The resurrection. The doctrine of a future life is not fully developed in the O.T.; it is nascent; and the stages in its growth are clearly distinguishable. The idea of a resurrection appears first, though in a national, not in an individual sense, in Hosea 6:2: it appears next, also in a national sense (see Davidson's note, p. 267), in Ezekiel's famous vision of the Valley of dry bones (xxxvii. 1 14): the resurrection of individuals appears first in the post-exilic prophecy of Isaiah 24-27, viz. Isaiah 26:19 (see Skinner's note), though, as in Ezek. (Ezekiel 37:11), it is still expressly limited to Israel (it is denied, Ezekiel 37:14, of Israel's foes): in the present passage, a resurrection of the wicked, as well as of the righteous, is taught for the first time, and the doctrine of a different future reserved for each is also for the first time enunciated. See further the Introd. p. xcii.

many The resurrection is still limited implicitly to Israel. It is not said who are to compose the -many": perhaps the author thinks in particular of the martyrs, and apostates, respectively, who, on the one side or the other, had been prominent during the reign of Antiochus.

sleep in death: cf. Jeremiah 51:39; Jeremiah 51:57; 1Th 4:14; 1 Thessalonians 5:10.

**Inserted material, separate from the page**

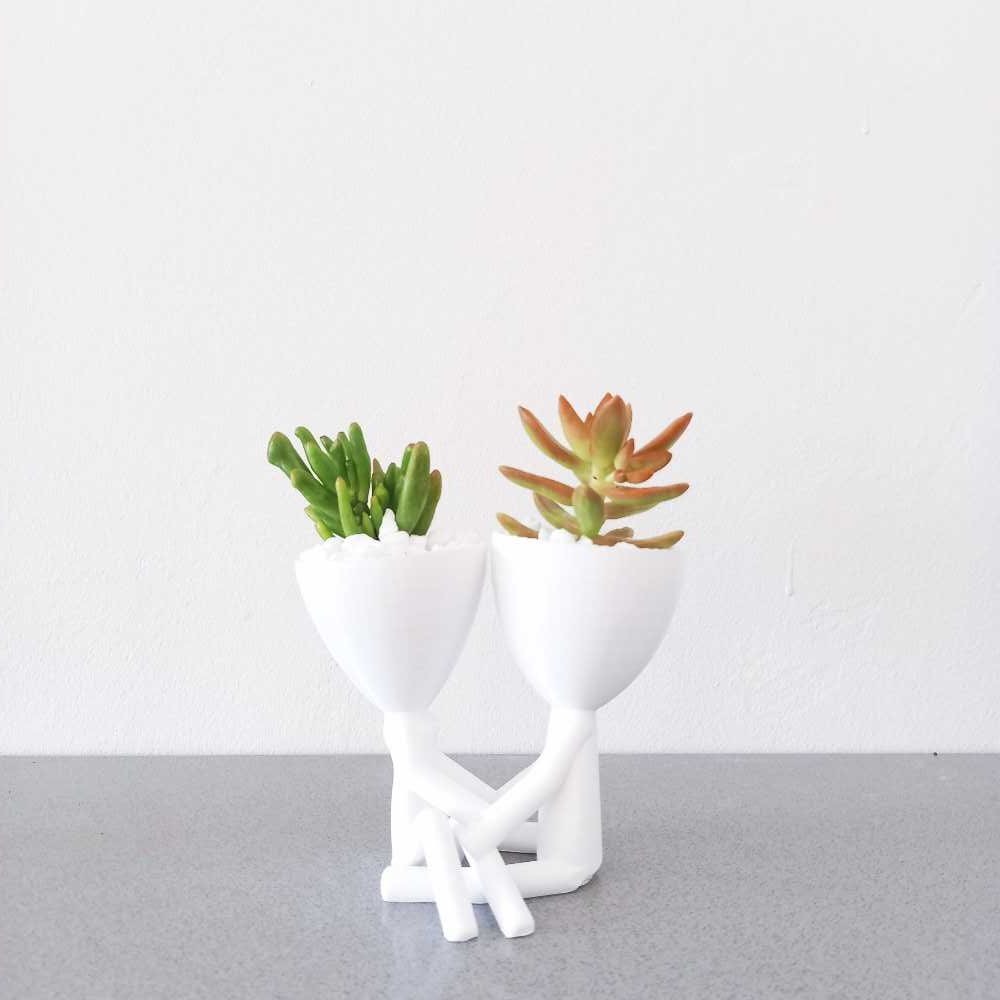 3 sam and lam pot planter men 3d printed royal art and decor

in the dusty ground] lit. the ground of dust.The expression is peculiar, and occurs only here. -Dust" is often said of the grave, as to -lie down upon the dust" (Job 20:11; Job 21:26), and -they that go down to the dust" (Psalms 22:29).

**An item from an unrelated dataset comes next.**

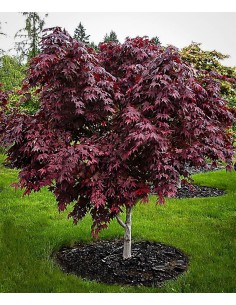 ''Purple ghost'' Acer palmatum (Japanese maples for sale) Online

shall awake cf., in the same sense, Isaiah 26:19; also (where it is denied) Job 14:12, and (of the Babylonians) Jeremiah 51:39; Jeremiah 51:57.

some to everlasting life The expression occurs only here in the O.T., but it is frequent in post-Biblical Jewish writings: e.g. in Enoch (xxxvii. 4, xl. 9, lviii. 3, lxii. 14); Psalms of Sol. 3:16 (cf. 13:9); 4Ma 15:3 (cf. 2Ma 7:9; 2Ma 7:36); and in the Targums (in which passages of the O.T. relating really to the present life are often interpreted as referring to a future life) [394]. A more common synonym is -the life of the age to come" (חיי העולם הבא), Abothii. 7, &c. (Dalman, Die Worte Jesu, p. 129).

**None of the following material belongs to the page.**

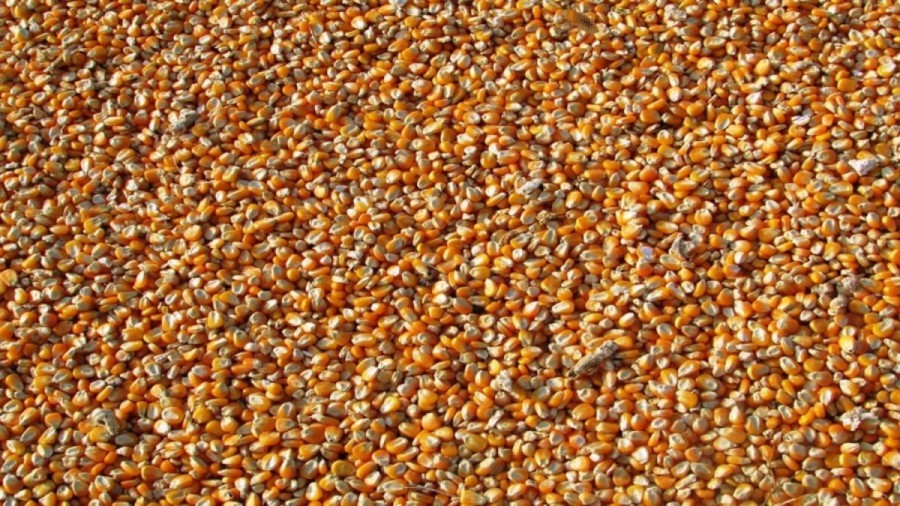 Optical Illusion Eye Test: Identify the Insect Among the Corn Grains in this Picture within 15 Seconds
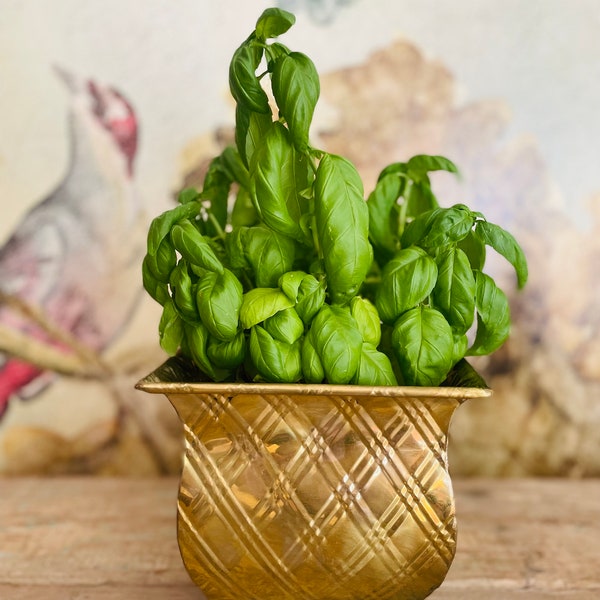 brass planter embossed basket design indoor  brass catchall Hollywood Regency bohemian plant decor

[394] See examples in the writer's Sermons on the O.T.(1892), pp. 83, 88 91; Dalman, Die Worte Jesu, p. 128.

some to reproaches (Psalms 69:9-10 [Heb.]) and everlasting abhorrence] the last word (only once besides) from Isaiah 66:24 -And they [the carcases of the transgressors, slain outside Jerusalem] shall be an abhorringunto all flesh." Cf. in the N.T., Matthew 25:46; John 5:29.